------ DATA FOR THE TASK ------

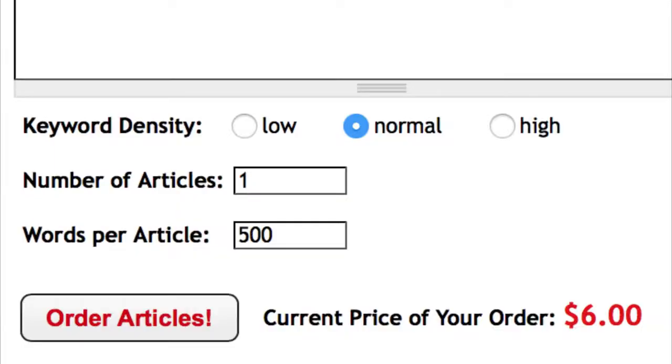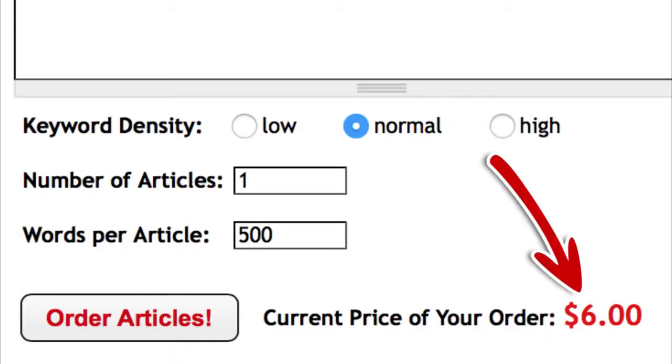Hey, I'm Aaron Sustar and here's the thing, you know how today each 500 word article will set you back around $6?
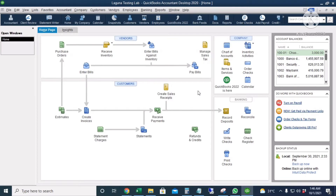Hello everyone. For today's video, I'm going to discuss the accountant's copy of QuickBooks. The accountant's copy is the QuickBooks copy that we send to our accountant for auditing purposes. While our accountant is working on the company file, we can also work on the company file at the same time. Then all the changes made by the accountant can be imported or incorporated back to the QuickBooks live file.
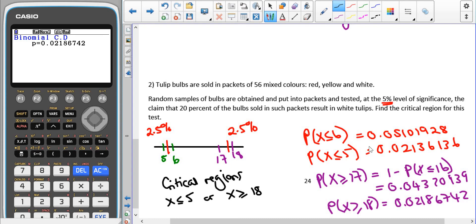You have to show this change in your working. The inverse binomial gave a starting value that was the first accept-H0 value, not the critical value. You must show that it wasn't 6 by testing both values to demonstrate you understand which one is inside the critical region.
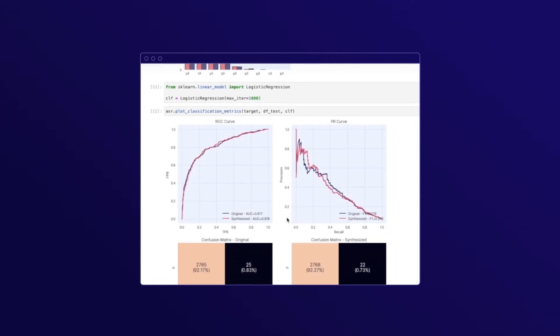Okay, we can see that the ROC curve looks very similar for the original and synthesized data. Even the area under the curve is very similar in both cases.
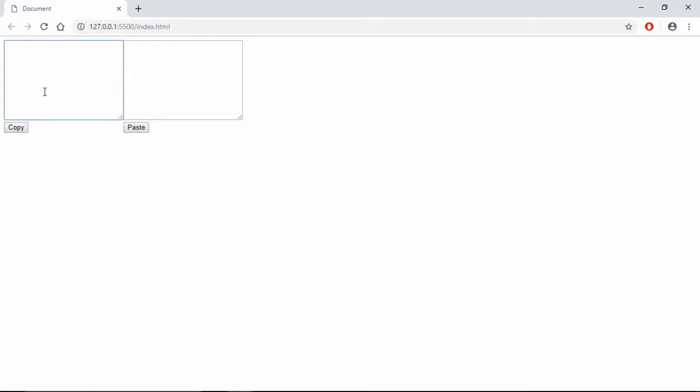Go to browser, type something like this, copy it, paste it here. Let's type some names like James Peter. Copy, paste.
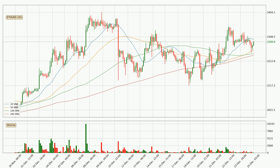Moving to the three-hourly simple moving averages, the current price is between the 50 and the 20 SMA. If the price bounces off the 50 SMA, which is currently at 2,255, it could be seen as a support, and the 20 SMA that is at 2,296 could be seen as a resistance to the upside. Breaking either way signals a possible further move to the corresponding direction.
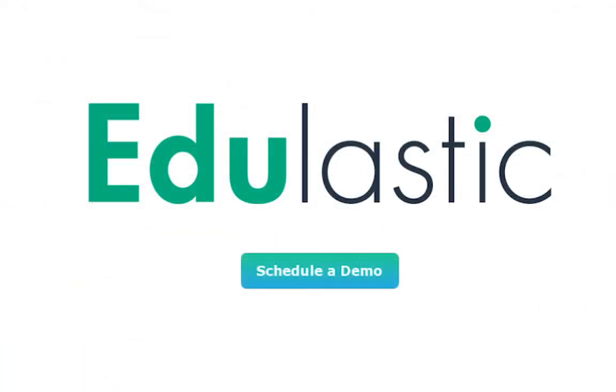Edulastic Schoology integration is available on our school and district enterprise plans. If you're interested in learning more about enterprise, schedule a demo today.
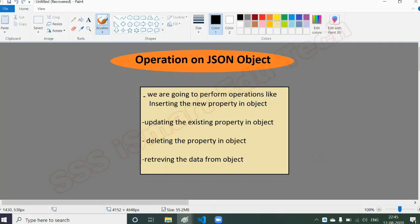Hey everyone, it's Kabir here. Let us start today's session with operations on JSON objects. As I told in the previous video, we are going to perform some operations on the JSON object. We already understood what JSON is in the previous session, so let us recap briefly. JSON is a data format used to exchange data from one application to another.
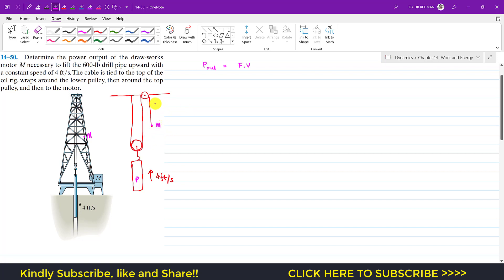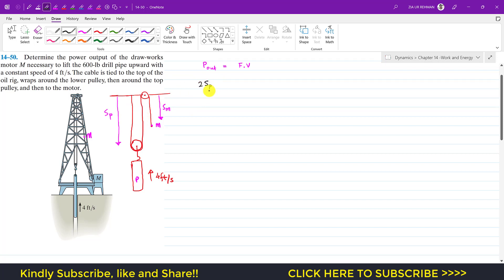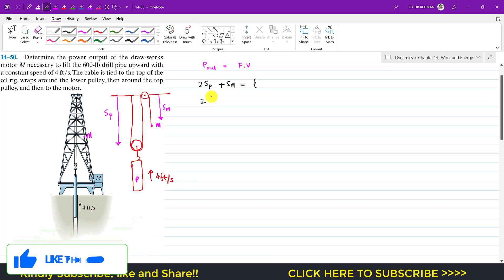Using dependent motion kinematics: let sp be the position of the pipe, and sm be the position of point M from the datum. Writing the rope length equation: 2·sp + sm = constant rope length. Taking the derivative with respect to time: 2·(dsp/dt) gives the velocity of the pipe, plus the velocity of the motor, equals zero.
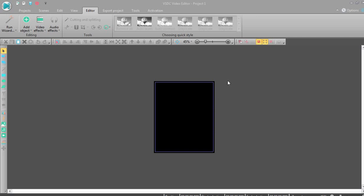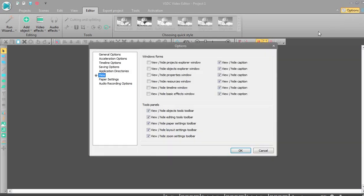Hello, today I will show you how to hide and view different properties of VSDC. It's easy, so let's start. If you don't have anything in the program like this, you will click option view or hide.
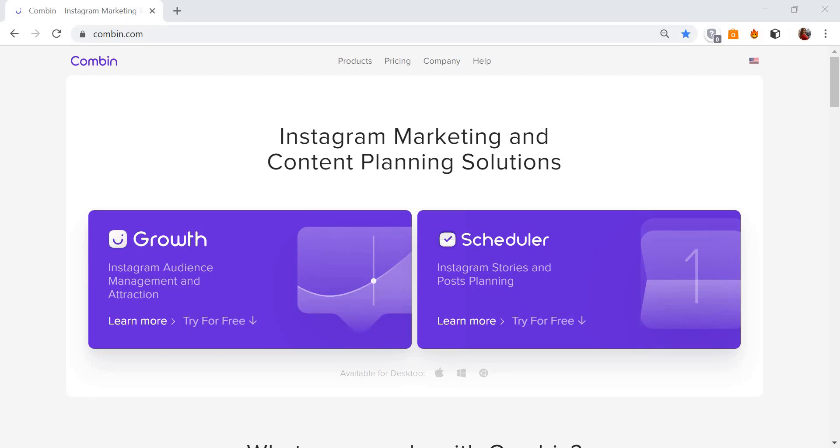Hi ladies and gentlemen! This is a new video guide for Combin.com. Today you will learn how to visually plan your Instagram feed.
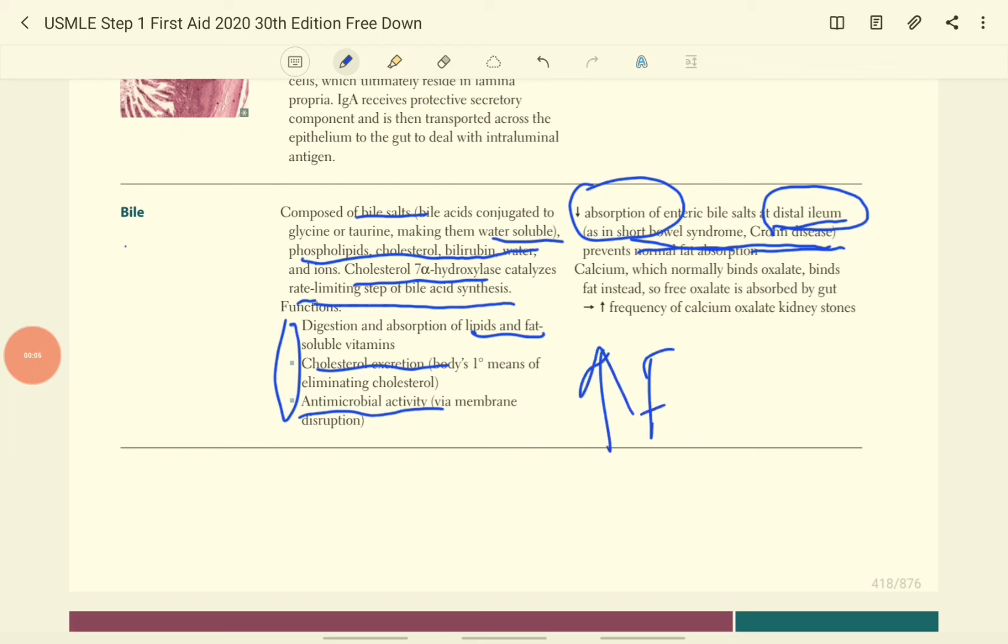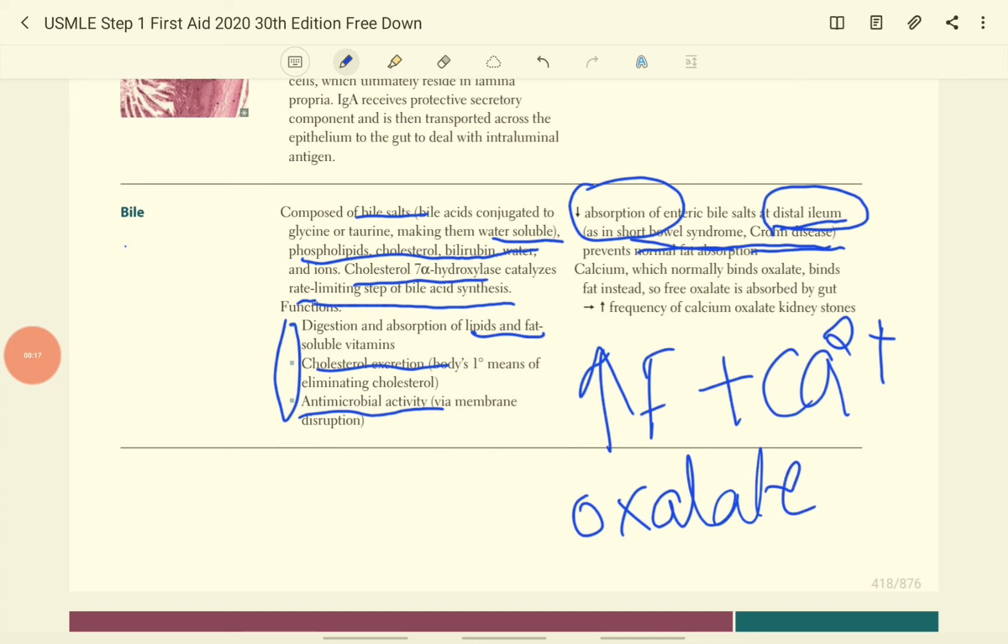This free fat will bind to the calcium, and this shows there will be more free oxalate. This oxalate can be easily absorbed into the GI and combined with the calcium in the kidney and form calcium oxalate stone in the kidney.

------

Repeat only the lines between the start of the data and the line with "Hello everyone. For", including those two lines, and skip the pictures.

Hey, I'm Aaron Sustar and here's the thing, you know how today each 500 word article will set you back around $6?
Hello everyone. For today's video, I'm going to discuss the accountant's copy of QuickBooks. The accountant's copy is the QuickBooks copy that we send to our accountant for auditing purposes. While our accountant is working on the company file, we can also work on the company file at the same time. Then all the changes made by the accountant can be imported or incorporated back to the QuickBooks live file.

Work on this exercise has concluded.